The proposed regime has been designed with the help of an advisory
panel of more than 30 industry practitioners. The
regulations are the result of a detailed two-year consultation, and the
new regime has the support of the industry. Having a robust insolvency
regime, which can wind up complex institutions such as investment
banks, and which ensures that investors have confidence that their
assets and money will be returned promptly, is a major source of the
UK’s competitive advantage in financial services. We must
maintain this
advantage.
I
shall provide a brief summary of the two statutory instruments that are
under consideration today. The draft Investment Bank Special
Administration Regulations provide an administrator with three
objectives. The first gives the administrator a duty to return client
assets. The administration of Lehman Brothers in the UK has
demonstrated the importance of the market having confidence that client
assets will be returned promptly. This is to prevent clients suffering
from undue delay in recovering assets belonging to them, and it will
ensure that investors have confidence in the UK financial system.

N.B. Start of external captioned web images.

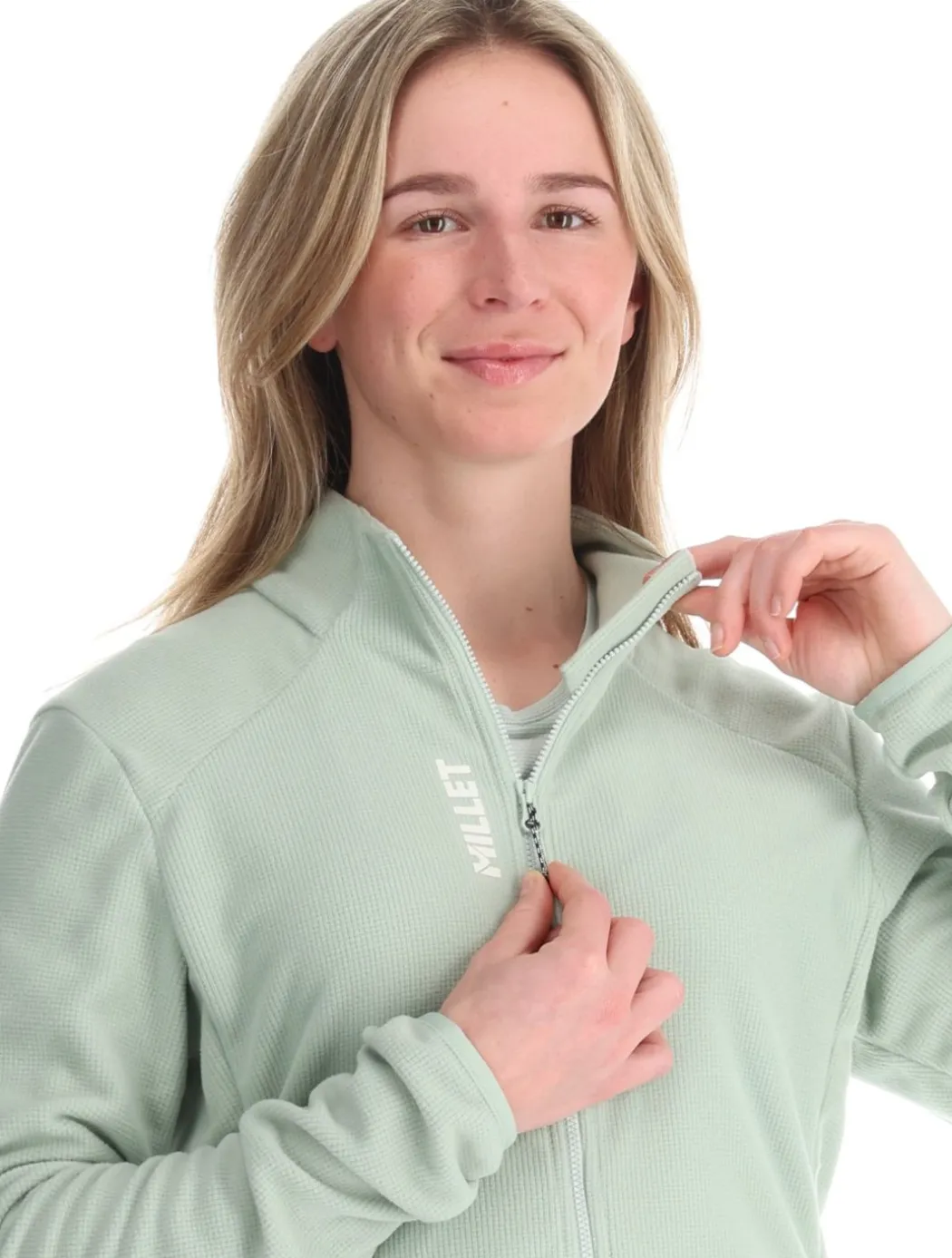 Ubic Lgrid Jktw trekking vest dames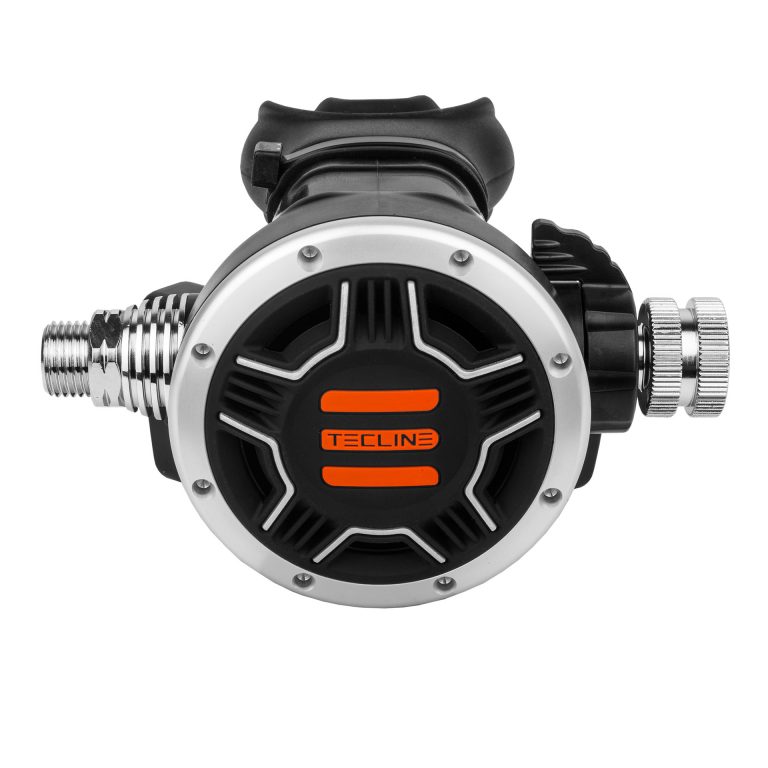 Tecline II-nd stage TEC1 black - EN250A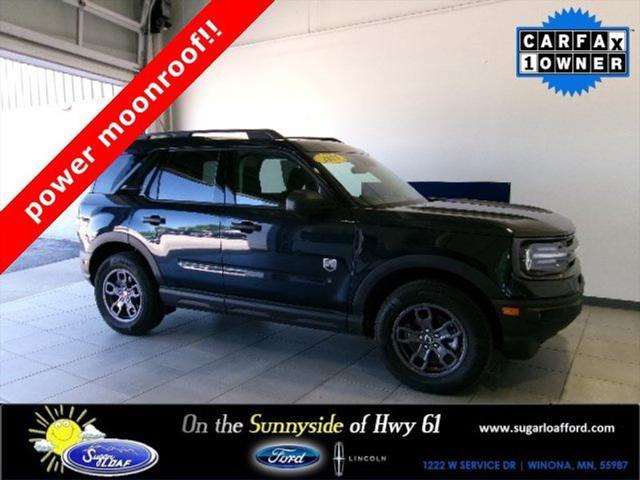 used 2023 Ford Bronco Sport car, priced at $29,995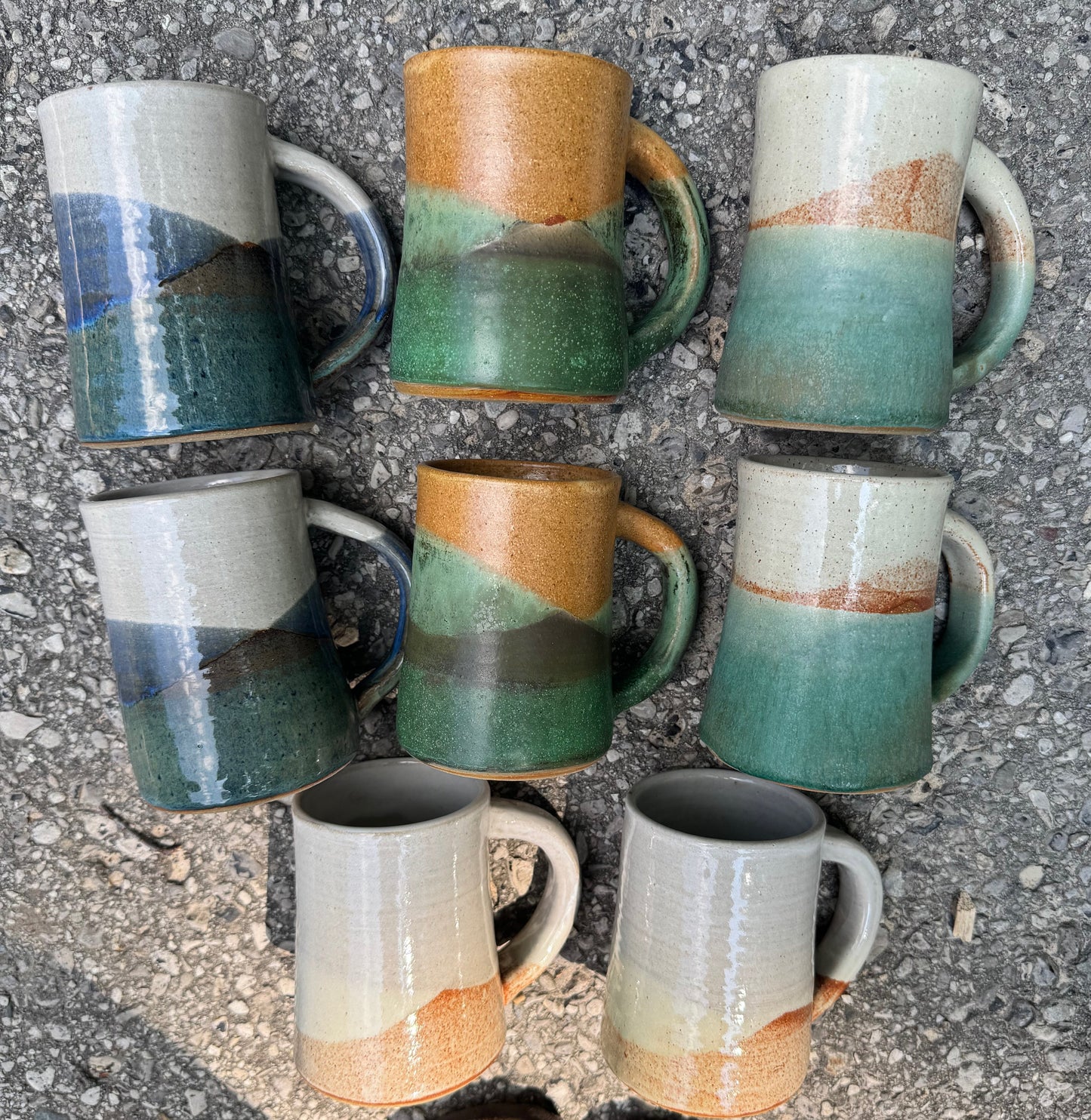 Forest mug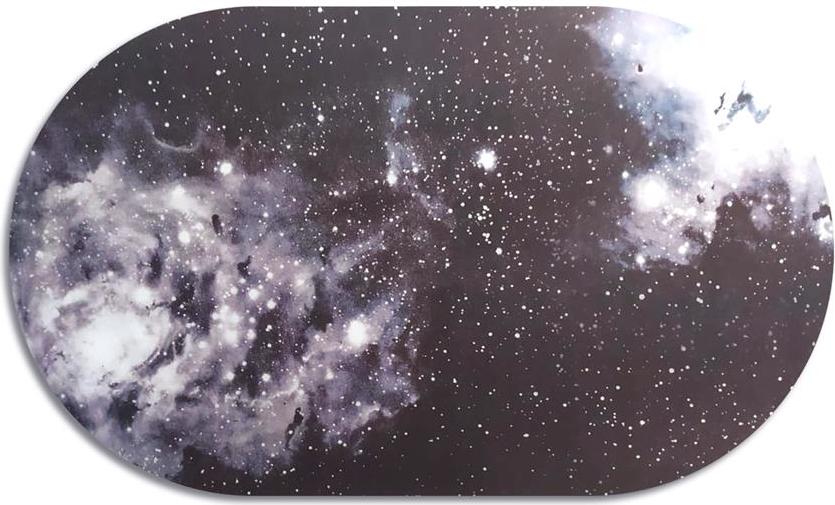 Cosmic Universe Tellerunterlage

Having the first objective also allows the Financial Services
Authority, if necessary, to direct the administrator to prioritise the
return of client assets above other objectives, a power I will return
to
later.
To
help achieve the first objective, the administrator will be able to set
a bar date—a deadline—for the submission of claims to
client assets. This will significantly improve the speed with which
client assets can be returned. The bar date will have accompanying
safeguards, which will minimise the possibility of any client losing
out from its implementation; for example by failing to submit a claim
before the bar date, or even failing to submit a claim altogether. The
safeguards will be set out in the insolvency rules, which will be laid
separately before Parliament shortly after the regulations come into
force.
The
second objective is to ensure that the administrator shares information
with market infrastructure bodies and the authorities. When an
institution becomes insolvent, it is essential that the administrator
works with the relevant clearing houses, exchanges and authorities to
resolve failed trades and open positions as soon as possible. A failure
to do so would threaten market confidence and the stability of our
financial markets. It is also important that the administrator works
with the FSA and other authorities to facilitate any actions the
authorities might need to take as a result of the investment bank
becoming insolvent.
Lastly,
the third special administration objective follows the existing
objectives for general administration under the Insolvency Act 1986.

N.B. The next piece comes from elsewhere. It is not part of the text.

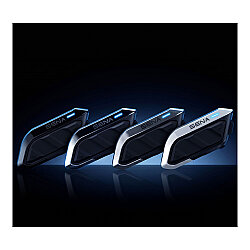 Sena Spider X Slim Dual (İkili Set) Motosiklet İnterkomu - 3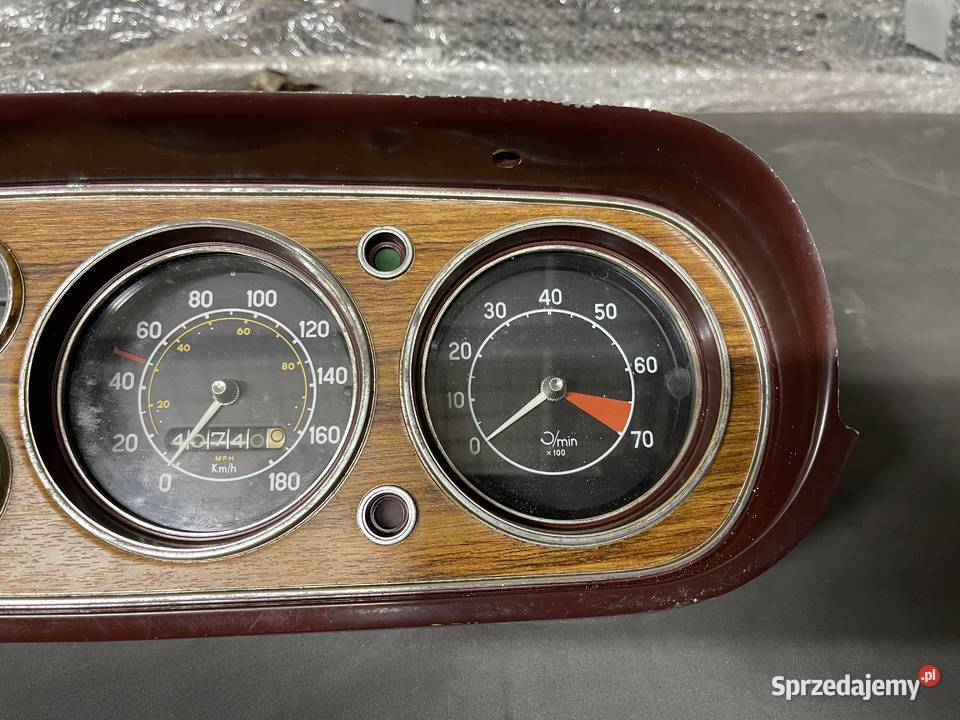 Ford Escort Mk1 GT Kraków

That ensures that the administrator continues to work in the best
interests of all
creditors.
In
addition to the new objectives, the new regime will give an additional
power to the FSA. After consultation with the Treasury and the Bank of
England, the FSA will be able to direct the administrator to prioritise
one or more of the special administration objectives over the others.

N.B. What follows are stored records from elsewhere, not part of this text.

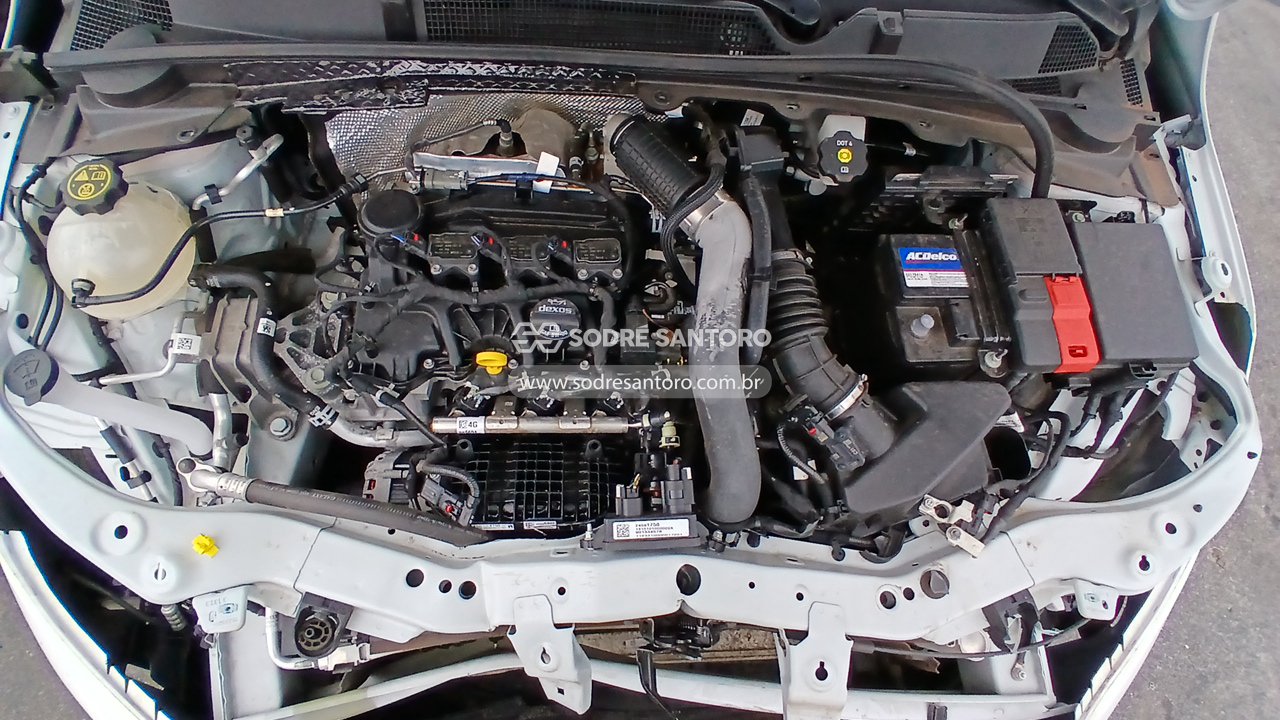 Foto 5: CHEVROLET - ONIX 10TMT LT1 2023/2024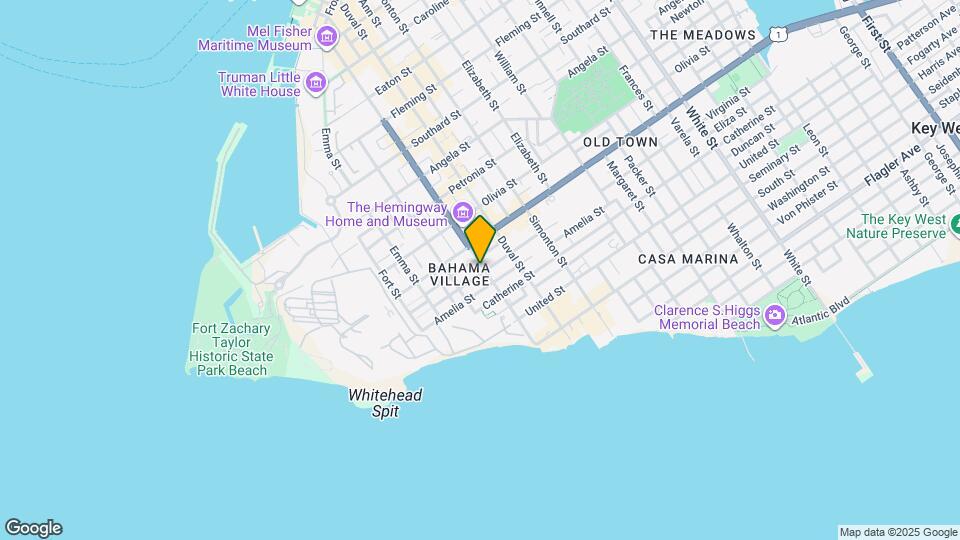 1028 Whitehead St Apartments and Nearby Key West Apartments For Rent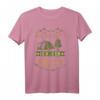 Mir reichts ich geh wandern T-Shirt für Damen und Herren - Lustiges Bergmotiv, perfekt als Geschenk zu Geburtstag & Weihnachten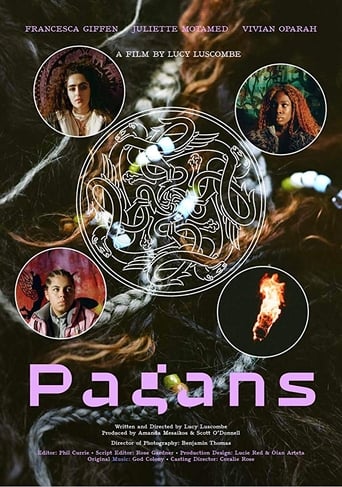 Pagans Poster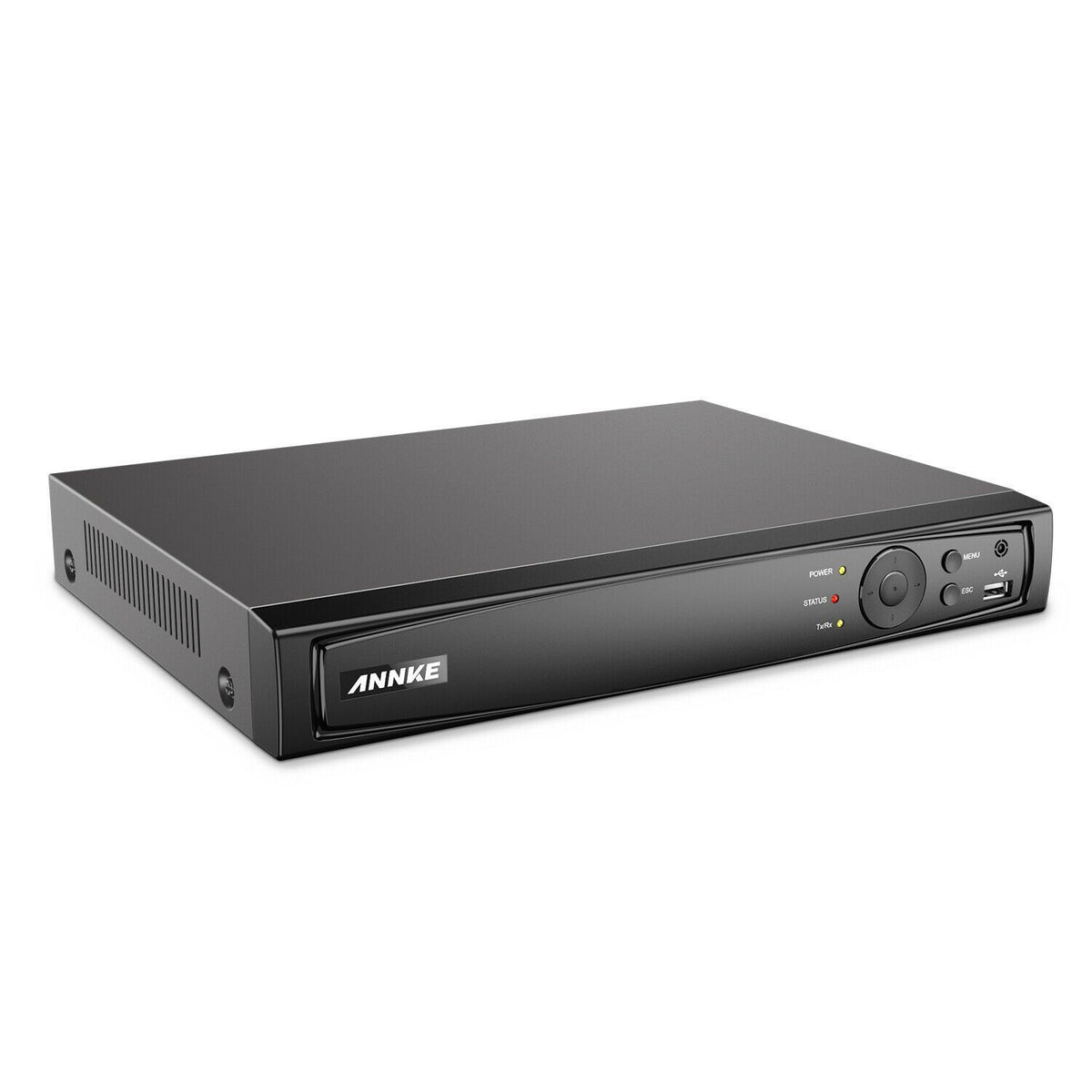 Annke 8 Channel Network Video Recorder: 8MP 4K Ultra HD with H.265+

However, I stress that the regulations make it clear that the power can
be used only if it is in the interest of stability in the financial
markets.
Another
key component of the regime is that suppliers of key services to
investment banks will not be allowed to terminate their service if the
administrator continues to meet their payments. That will ensure that
the administrator can rescue or wind up a company far more effectively.
The proposal will affect suppliers of any equipment used by the
investment bank in connection with the trading of securities or
derivatives, suppliers of financial data and infrastructure that permit
electronic communication services, suppliers of secure data networks
provided by an accredited network provider and suppliers of data
processing
capabilities.
Adam
Afriyie (Windsor) (Con):
This is a veritable tome of
secondary legislation, and we do not have enough time in this short
sitting to consider it in detail. Something alarmed me. The Minister is
suggesting that under the regulations, a supplier to a financial
institution would be unable to withhold services even if they were not
being paid. There could easily be a situation where a supplier in deep
financial difficulty is forced by the regulator to continue to supply
services without money. There seems to be something fundamentally wrong
with that picture. Perhaps my hon. Friend could paint it in slightly
clearer
terms.
Mr
Hoban:
To clarify the point for my hon. Friend, a supplier
can suspend services if they have not been paid for 28 days. The
measure is not an open-ended commitment to continue supply without
payment, but a requirement for the administrator to make those
payments. However, it is worth making the point. It mirrors what is in
the Banking Act 2009. To create financial stability and ensure the safe
return of client assets, it is clear that the services an investment
bank relies on to complete its business should be available to the
administrator. That is why that power is in the statutory instrument.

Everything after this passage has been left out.